Outside the Camp revisited

Outside the Camp revisited

In April 2012, I published my book Outside the Camp – reflections of a Community Activist. It was the first title under the label jrb publications. The most recent title to come under that umbrella is Prophets of the Bible, to be followed up in the near future (DV) by Kings and Priests of the Bible.

In April 2014, I produced a second edition of the book, which included a number of updates, along with four further books:

  1. Spirituality and Mental Health
  2. The Gay Conundrum
  3. Onward and Upward
  4. Theological Musings

The first two were an elaboration of two subjects that earlier particularly interested me and was touched on in the first edition of Outside the Camp. The third was to include new topics related to the theme of the book and the fourth was to give a theological rational to my community activism. Around that time, I started my website jrbpublications.com and these five books were included as electronic versions that could be freely downloaded from the website along with some of my other writings. It was around that time I became a regular blogger (which continues to this day) and I also began to maintain a regular Facebook presence (partly in order to support my blogging).  

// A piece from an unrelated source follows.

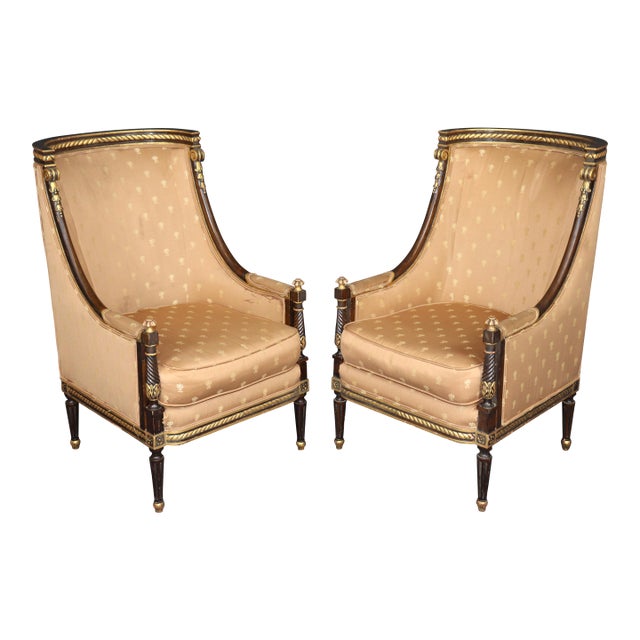 Pair Louis XVI Style Carved With Gilt Accent Wing Back Bergère Chairs For Sale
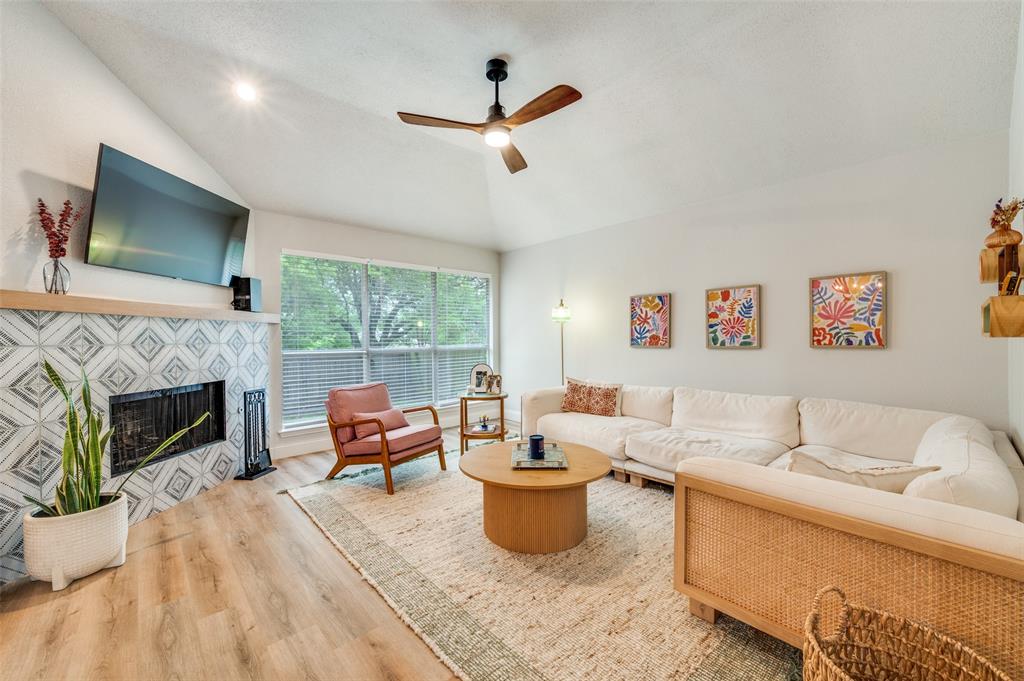 7306 Vista Ridge Lane Sachse, TX 75048 - Photo 9 of 23 a living room with furniture and a fireplace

One internet definition of Community Activist is it is a member of a community who is voluntarily working with others from that community to achieve common aims (delivering change) – someone who takes individual action or action with others in a community, in a planned way. It also represented my third career after starting off as a secondary science school teacher and then as a software engineer, including running my own business. It is what has occupied my last twenty years of my life and has involved a mixture of paid and voluntary positions (nowadays entirely voluntary). The idea behind the book was to tell my story, including setting the record straight so to speak.

I wanted to encourage and help the next generation of community activists based on my own experience, including as a result of making mistakes. I also had the desire to encourage Christians to get involved in their communities and where possible to work with those of all faiths and none in order to achieve common goals. I also wanted to reach out to non Christians based on the finding common ground principle and respecting different perspectives. But it is also about maintaining a balance and holding one’s nerve. I now put on my business card I am a gospel preaching, community activist, watchman on the wall, given I am into all three and believe all three to be important.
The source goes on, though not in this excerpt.